Jusqu’à la famine… jusqu’à ce que la manne pétrolière soit épuisée ou con­cur­rencée par d’autres formes d’énergie. Le prob­lème de l’islam va se régler quand il n’y aura plus de pét­role. Franche­ment, qui écouterait l’Arabie saou­dite ou le Qatar s’ils n’en ’avaient pas?

• En Algérie, avez-vous ressen­ti l’explosion démo­graphique ?

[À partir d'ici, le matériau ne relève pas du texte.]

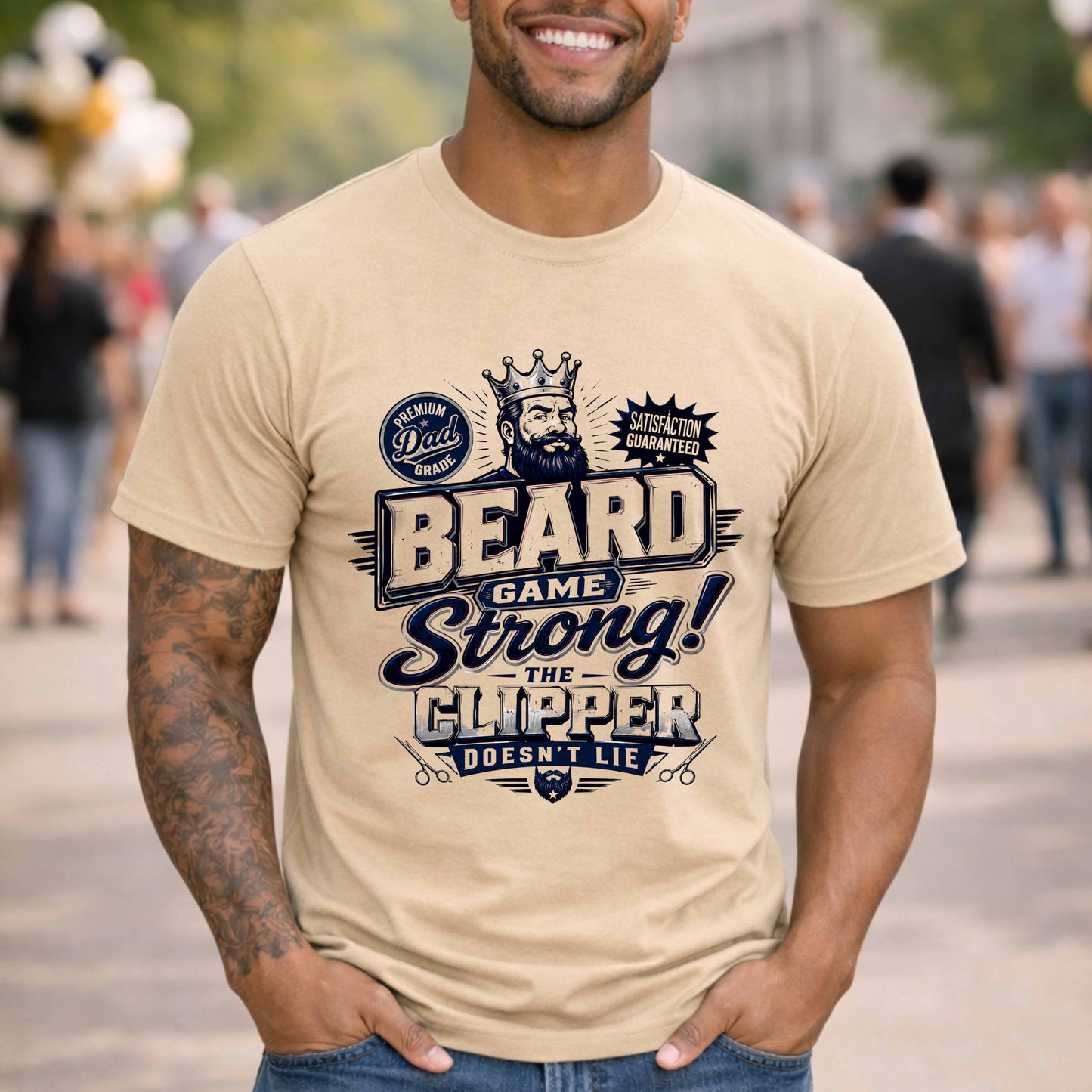 BEARD STRONG. T-Shirt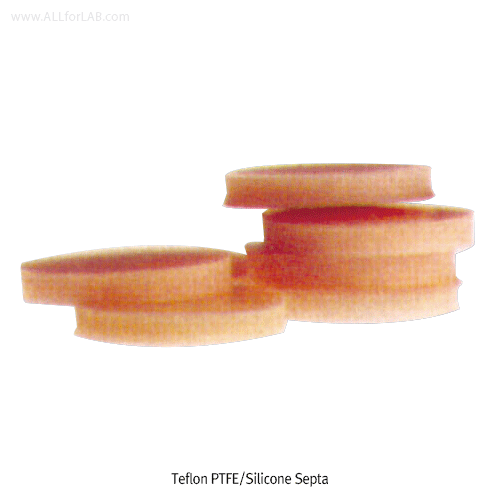 Wheaton® 1 3~30 mm Septa, 알미늄-씰 전용 셉타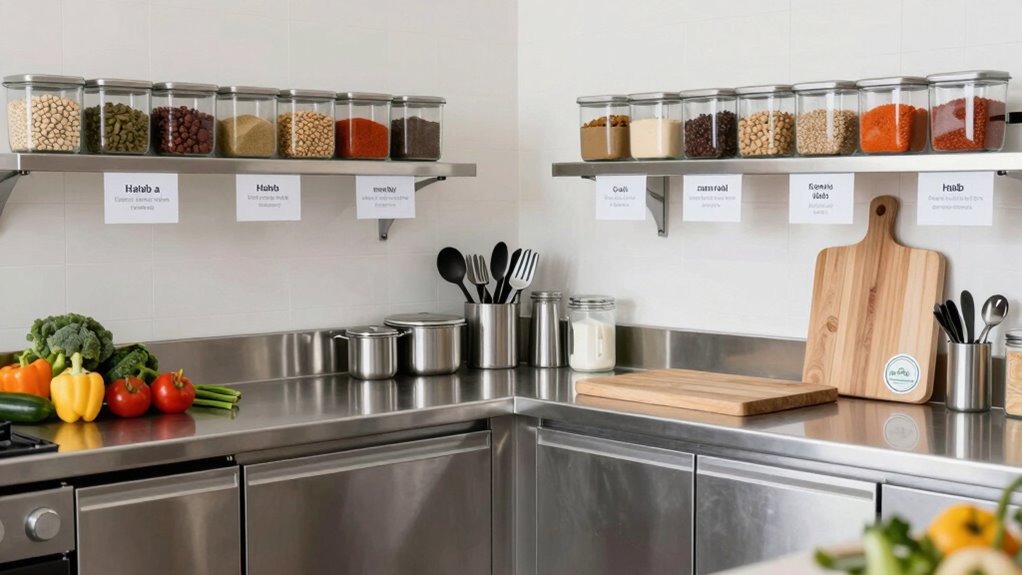 inspect segregate label ensure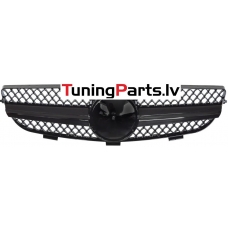 Mercedes-benz CLK-W209 (03-10) priekšējā reste SL Style melna/glancēta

– Les bâti­ments envahissent tout, on ne cesse de con­stru­ire. Si ça con­tin­ue comme ça, dans 50 ans, il n’y aura plus d’espace non-bâti. Il n’y a pas de tra­vail. La pol­lu­tion est ter­ri­ble, les autoroutes délabrées… C’est le chaos partout. Mais j’y ai fait un beau séjour, il y a la famille, la mer…

• Que pensez-vous du cas tunisien ?

– J’ai tou­jours aimé ce pays, c’est une excep­tion dans le monde arabe. C’est dû à l’apport de Bour­gui­ba, il avait vrai­ment com­pris le dan­ger de l’islam, entre autres dans l’enseignement. L’éducation a bien fonc­tion­né, elle a pro­duit une élite laïque très bien for­mée et sa résis­tance à la pres­sion religieuse est extra­or­di­naire ! Je les admire ! Ces Tunisiens défend­ent la laïc­ité plus et mieux que les Français et dans un cli­mat hos­tile.